Using and reading persistent logging#

For long running and difficult optimizations, it can be good to store the progress in a persistent log file. You can do this providing a path as logging argument:

[16]:
res = minimize(
    criterion=sphere,
    params=np.arange(5),
    algorithm="scipy_lbfgsb",
    logging="my_log.db",
    log_options={"if_database_exists": "replace"},
)

You can read the entries in the log file (while the optimization is still running or afterwards) as follows:

[17]:
from estimagic import OptimizeLogReader

reader = OptimizeLogReader("my_log.db")
reader.read_history().keys()
[17]:
dict_keys(['params', 'criterion', 'runtime'])
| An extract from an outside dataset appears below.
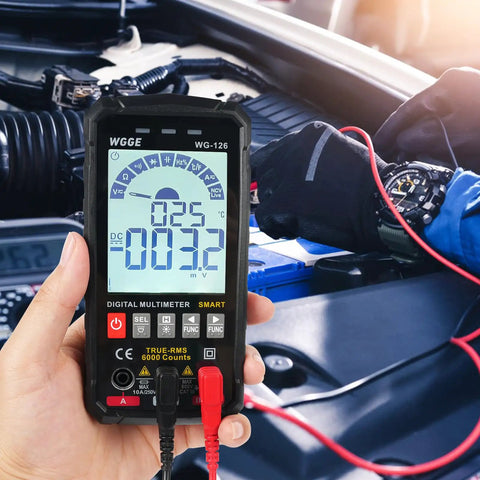 Hand using Smart Auto Ranging Digital Multimeter TRMS 6000 Counts Handy Electrical Tester in car engine diagnostics.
For more info on what you can do with the log and log reader, check out the logging tutorial

The persistent log file is always instantly synchronized when the optimizer tries a new parameter vector. This is very handy if an optimization has to be aborted and you want to extract the current status. It is also used by the estimagic dashboard.

Customize your optimizer#

Most algorithms have a few optional arguments. Examples are convergence criteria or tuning parameters. You can find an overview of supported arguments here.

[18]:
algo_options = {
    "convergence.relative_criterion_tolerance": 1e-9,
    "stopping.max_iterations": 100_000,
}

res = minimize(
    criterion=sphere,
    params=np.arange(5),
    algorithm="scipy_lbfgsb",
    algo_options=algo_options,
)
res.params.round(5)
[18]:
array([ 0., -0., -0., -0., -0.])
[ ]: